Can someone elaborate on the difference again(MapReduce framework VS map and reduce combination)? Especially, what does the reduce functional programming do?
Thanks a great deal.
The main difference would be that MapReduce is apparently patentable. (Couldn't help myself, sorry...)
On a more serious note, the MapReduce paper, as I remember it, describes a methodology of performing calculations in a massively parallelised fashion. This methodology builds upon the map / reduce construct which was well known for years before, but goes beyond into such matters as distributing the data etc. Also, some constraints are imposed on the structure of data being operated upon and returned by the functions used in the map-like and reduce-like parts of the computation (the thing about data coming in lists of key/value pairs), so you could say that MapReduce is a massive-parallelism-friendly specialisation of the map & reduce combination.
As for the Wikipedia comment on the function being mapped in the functional programming's map / reduce construct producing one value per input... Well, sure it does, but here there are no constraints at all on the type of said value. In particular, it could be a complex data structure like perhaps a list of things to which you would again apply a map / reduce transformation. Going back to the "counting words" example, you could very well have a function which, for a given portion of text, produces a data structure mapping words to occurrence counts, map that over your documents (or chunks of documents, as the case may be) and reduce the results.

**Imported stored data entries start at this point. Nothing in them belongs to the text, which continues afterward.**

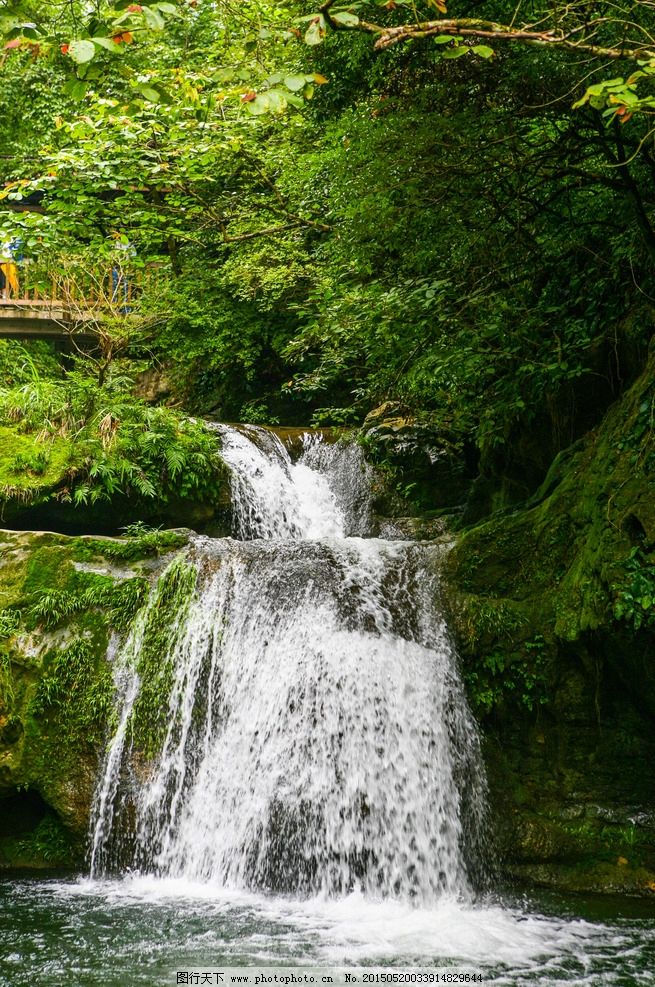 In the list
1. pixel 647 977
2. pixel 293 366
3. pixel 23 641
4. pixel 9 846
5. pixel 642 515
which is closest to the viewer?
pixel 647 977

In fact, that's exactly what happens in this article by Phil Hagelberg. It's a fun and supremely short example of a MapReduce-word-counting-like computation implemented in Clojure with map and something equivalent to reduce (the (apply + (merge-with ...)) bit -- merge-with is implemented in terms of reduce in clojure.core). The only difference between this and the Wikipedia example is that the objects being counted are URLs instead of arbitrary words -- other than that, you've got a counting words algorithm implemented with map and reduce, MapReduce-style, right there. The reason why it might not fully qualify as being an instance of MapReduce is that there's no complex distribution of workloads involved. It's all happening on a single box... albeit on all the CPUs the box provides.
For in-depth treatment of the reduce function -- also known as fold -- see Graham Hutton's A tutorial on the universality and expressiveness of fold. It's Haskell based, but should be readable even if you don't know the language, as long as you're willing to look up a Haskell thing or two as you go... Things like ++ = list concatenation, no deep Haskell magic.

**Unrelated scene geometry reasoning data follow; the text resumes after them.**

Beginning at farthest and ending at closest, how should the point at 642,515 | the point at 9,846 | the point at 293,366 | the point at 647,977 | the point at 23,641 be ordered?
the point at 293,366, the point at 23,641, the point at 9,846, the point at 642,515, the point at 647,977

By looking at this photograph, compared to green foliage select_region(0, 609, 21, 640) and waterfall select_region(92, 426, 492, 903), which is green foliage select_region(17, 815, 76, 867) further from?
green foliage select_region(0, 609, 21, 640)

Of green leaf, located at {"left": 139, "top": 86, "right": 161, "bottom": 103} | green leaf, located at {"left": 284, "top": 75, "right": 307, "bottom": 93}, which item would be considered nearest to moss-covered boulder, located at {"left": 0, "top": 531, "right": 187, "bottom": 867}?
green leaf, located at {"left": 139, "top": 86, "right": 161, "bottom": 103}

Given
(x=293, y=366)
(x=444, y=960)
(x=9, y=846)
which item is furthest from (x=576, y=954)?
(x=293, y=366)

Using the word count example, the original functional map() would take a set of documents, optionally distribute subsets of that set, and for each document emit a single value representing the number of words (or a particular word's occurrences) in the document. A functional reduce() would then add up the global counts for all documents, one for each document. So you get a total count (either of all words or a particular word).

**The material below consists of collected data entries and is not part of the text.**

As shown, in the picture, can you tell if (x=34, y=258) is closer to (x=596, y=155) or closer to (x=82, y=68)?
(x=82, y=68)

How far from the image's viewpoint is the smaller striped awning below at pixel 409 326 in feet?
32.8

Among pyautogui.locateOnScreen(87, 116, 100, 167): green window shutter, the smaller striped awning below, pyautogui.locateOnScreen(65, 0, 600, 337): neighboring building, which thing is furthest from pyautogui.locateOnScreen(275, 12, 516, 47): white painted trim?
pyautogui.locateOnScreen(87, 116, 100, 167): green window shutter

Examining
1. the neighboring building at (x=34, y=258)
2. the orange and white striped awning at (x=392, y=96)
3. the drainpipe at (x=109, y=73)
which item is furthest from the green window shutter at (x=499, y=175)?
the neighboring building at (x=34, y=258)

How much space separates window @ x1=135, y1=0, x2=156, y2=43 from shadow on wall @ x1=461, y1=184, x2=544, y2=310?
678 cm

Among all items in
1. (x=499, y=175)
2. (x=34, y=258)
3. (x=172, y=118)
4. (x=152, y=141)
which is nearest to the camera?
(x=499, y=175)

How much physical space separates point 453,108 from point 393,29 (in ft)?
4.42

In MapReduce, the map would emit a (word, count) pair for each word in each document. A MapReduce reduce() would then add up the count of each word in each document without mixing them into a single pile. So you get a list of words paired with their counts.
MapReduce is a framework built around splitting a computation into parallelizable mappers and reducers. It builds on the familiar idiom of map and reduce - if you can structure your tasks such that they can be performed by independent mappers and reducers, then you can write it in a way which takes advantage of a MapReduce framework.
Imagine a Python interpreter which recognized tasks which could be computed independently, and farmed them out to mapper or reducer nodes. If you wrote
reduce(lambda x, y: x+y, map(int, ['1', '2', '3']))
or
sum([int(x) for x in ['1', '2', '3']])
you would be using functional map and reduce methods in a MapReduce framework. With current MapReduce frameworks, there's a lot more plumbing involved, but it's the same concept.